"Expense is the gateway that everyone must pass
through," said Steven Mandelbaum. "If you want to have control over
your program, you need to have control over your expense system." And The
Advisory Board Co., of which Mandelbaum is vice president of information
systems, has taken control by creating its own system, ExpenseNow, for desktops.
The Advisory Board wanted an expense tool that serves its
policy, from a ban on Uber's Black tier to active management of unused airline tickets.
To that end, Mandelbaum found some expense tools on the market constraining. "We
have tried to customize and configure them to work the way we wanted, but
ultimately we always came short of achieving our holy grail. We thought we had
a better approach. ... We also wanted to do away with the expense report."
He noted that an expense report offers no way to ascertain
whether a given expense is part of a particular trip. "What you really
want is to take a look at all expenses together," he said.
How It Works
The Advisory Board worked with a technology firm over eight
months to develop ExpenseNow and launched it to employees in October. Travelers
access the tool and all other content on the company's internal network via a
single login. The new platform, he said, "works like Gmail," in that
employees have one inbox of all of their transactions.
About 80 percent of transactions are pre-populated into the
system from employees' corporate cards, Mandelbaum said. Then, employees choose
a purpose for the expense from a drop-down menu of meetings from Salesforce. "We're
only going to show you probably three to four dates depending on the date of
transaction, not all of your 20 meetings in a month. The list will change
depending on the date and type of expense," he explained.
Just as the traveler has a collection of expenses to
allocate, the approver similarly has an inbox of expenses to approve, with noncompliant
expenses showing in red. Managers can filter to view all of a single employee's
hotel expenses to "see anything that looks weird." They also can display
all of an employee's submitted expenses to date in one spot.
The tool also allows the approver to do "retroactive
audits," viewing, for example, one traveler's spend for the past three
months. "One transaction or one report is usually difficult to do an audit
on," Mandelbaum said. "Sometimes travelers break policy, but if you
look at totality, it makes sense."
Uber & Other
Benefits
The tool also integrates with Uber to display a ride's cost,
pickup and drop-off locations and class of service. "That's something that
would take years if we'd put it through one of the other providers," he
said. Other suppliers also integrate with Uber, but the data Concur receives,
for instance, does not include locations and class of the ride, according to a
Concur spokesperson; that information is visible only on the traveler's Uber
account. But such information matters to The Advisory Board, which prohibits the
higher-tier UberBlack.
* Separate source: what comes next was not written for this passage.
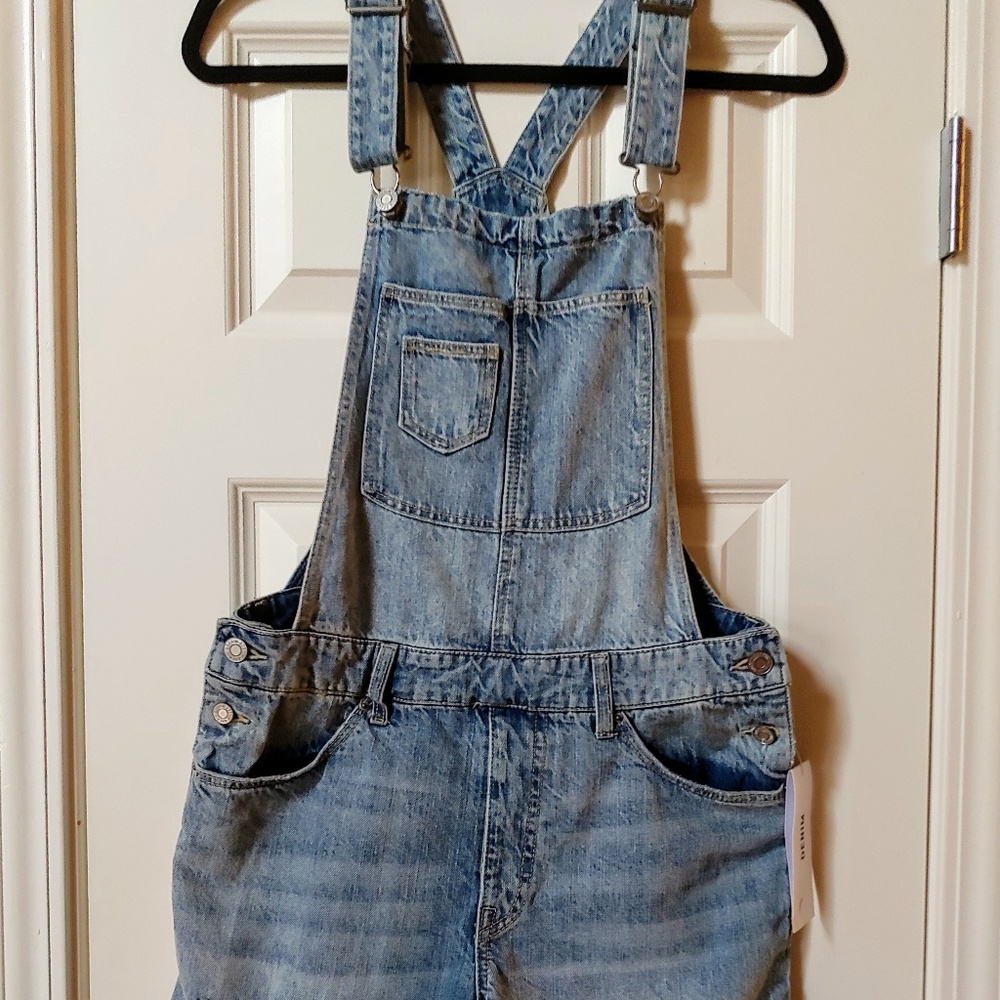 H&M distressed overall shorts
ExpenseNow, which provides a way for a traveler to note
if UberBlack was the only option, enables approvers to follow up with others
who took that service.
While Mandelbaum couldn't reveal the exact amount the new
tool saved, but he said, "We did really good year-over-year." He
added that employees have said they can submit expenses four times quicker and "absolutely
love it." And because travelers submit expenses more frequently, The
Advisory Board has more accurate and timely spend visibility. "Most
expense systems speed up the process by simply requiring less detail," he
said. "We took a different approach since having more data and details is
key to optimizing our travel program. We get more detail in a fraction of the
time." He added, "The best thing about [the tool] is that we can
bring in lots of data sources and then tailor the policy based on the data,
which is unique."
How It Will Evolve
The Advisory Board will continue to build functionality and
integrate additional systems and suppliers directly with the expense tool to
create "one unified digital umbrella [that] will allow us to do stuff that
others can't do," Mandelbaum said. The Advisory Board is focused on an
unused-airfare initiative, and will look to an uncommon expense system
configuration to help provide visibility.
Mandelbaum said the company will transition to a central
bill or ghost card for air transactions, which he calls "a very powerful
tool" that will help control the timing of when the airfare charges
actually hit the expense tool. "I don't necessarily
want every transaction to be accounted for," he said. "Sometimes I
want to wait until I know more about the transaction, and sometimes I want to
reshape the transaction."
For example, if a traveler cancels
a flight, Mandelbaum wants to integrate airfare transaction data with travel
management company data to confirm that the traveler actually took the flight
before funneling transaction data into the expense system. "It will help
with unused ticket management, help us capture change fees better and help us
reallocate [tickets] to other travelers where it makes sense," he said.
Likewise, if a traveler buys a
plane ticket and expenses the flight, but doesn't go on the trip and instead reschedules
the ticket for a separate trip, the second trip's flight cost will look artificially
cheap, he noted. Delaying the transaction data until the ticket is actually
used will help The Advisory Board get a more accurate read on total trip cost.
While the company gets hotel data from
MasterCard, Mandelbaum would like to work with certain hotels to pull direct
data into ExpenseNow. His company also will link its compliance-focused
internal rewards program to the expense tool.